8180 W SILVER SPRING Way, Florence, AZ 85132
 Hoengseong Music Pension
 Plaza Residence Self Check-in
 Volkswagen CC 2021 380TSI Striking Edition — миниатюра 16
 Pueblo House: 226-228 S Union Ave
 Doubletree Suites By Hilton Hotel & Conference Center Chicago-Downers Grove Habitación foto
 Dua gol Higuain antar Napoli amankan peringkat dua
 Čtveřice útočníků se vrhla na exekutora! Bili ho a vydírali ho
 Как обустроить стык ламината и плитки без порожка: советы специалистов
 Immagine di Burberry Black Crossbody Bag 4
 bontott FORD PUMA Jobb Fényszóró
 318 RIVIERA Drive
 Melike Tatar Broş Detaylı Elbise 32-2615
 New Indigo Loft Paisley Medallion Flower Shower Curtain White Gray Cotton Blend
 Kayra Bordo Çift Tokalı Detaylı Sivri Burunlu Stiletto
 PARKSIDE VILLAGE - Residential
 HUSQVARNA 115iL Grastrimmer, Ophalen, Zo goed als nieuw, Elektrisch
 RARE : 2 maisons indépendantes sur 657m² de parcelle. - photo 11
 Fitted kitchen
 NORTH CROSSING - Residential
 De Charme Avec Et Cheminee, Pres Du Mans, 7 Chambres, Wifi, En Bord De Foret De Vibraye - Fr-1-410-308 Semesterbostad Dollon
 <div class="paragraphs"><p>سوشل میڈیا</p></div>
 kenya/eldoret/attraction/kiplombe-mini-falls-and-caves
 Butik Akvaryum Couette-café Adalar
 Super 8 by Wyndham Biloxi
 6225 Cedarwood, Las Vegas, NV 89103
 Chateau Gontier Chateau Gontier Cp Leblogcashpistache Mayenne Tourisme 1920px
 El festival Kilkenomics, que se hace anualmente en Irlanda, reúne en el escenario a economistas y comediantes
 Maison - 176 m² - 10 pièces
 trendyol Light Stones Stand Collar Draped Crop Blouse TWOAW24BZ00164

YOUR GOAL |
Only the lines from the one containing "Pueblo House: 226-228 S Union Ave" through the one containing "6225 Cedarwood, Las Vegas, NV 89103" are to be retyped, both boundary lines included, with no other material.

EXERCISE ANSWER |
 Pueblo House: 226-228 S Union Ave
 Doubletree Suites By Hilton Hotel & Conference Center Chicago-Downers Grove Habitación foto
 Dua gol Higuain antar Napoli amankan peringkat dua
 Čtveřice útočníků se vrhla na exekutora! Bili ho a vydírali ho
 Как обустроить стык ламината и плитки без порожка: советы специалистов
 Immagine di Burberry Black Crossbody Bag 4
 bontott FORD PUMA Jobb Fényszóró
 318 RIVIERA Drive
 Melike Tatar Broş Detaylı Elbise 32-2615
 New Indigo Loft Paisley Medallion Flower Shower Curtain White Gray Cotton Blend
 Kayra Bordo Çift Tokalı Detaylı Sivri Burunlu Stiletto
 PARKSIDE VILLAGE - Residential
 HUSQVARNA 115iL Grastrimmer, Ophalen, Zo goed als nieuw, Elektrisch
 RARE : 2 maisons indépendantes sur 657m² de parcelle. - photo 11
 Fitted kitchen
 NORTH CROSSING - Residential
 De Charme Avec Et Cheminee, Pres Du Mans, 7 Chambres, Wifi, En Bord De Foret De Vibraye - Fr-1-410-308 Semesterbostad Dollon
 <div class="paragraphs"><p>سوشل میڈیا</p></div>
 kenya/eldoret/attraction/kiplombe-mini-falls-and-caves
 Butik Akvaryum Couette-café Adalar
 Super 8 by Wyndham Biloxi
 6225 Cedarwood, Las Vegas, NV 89103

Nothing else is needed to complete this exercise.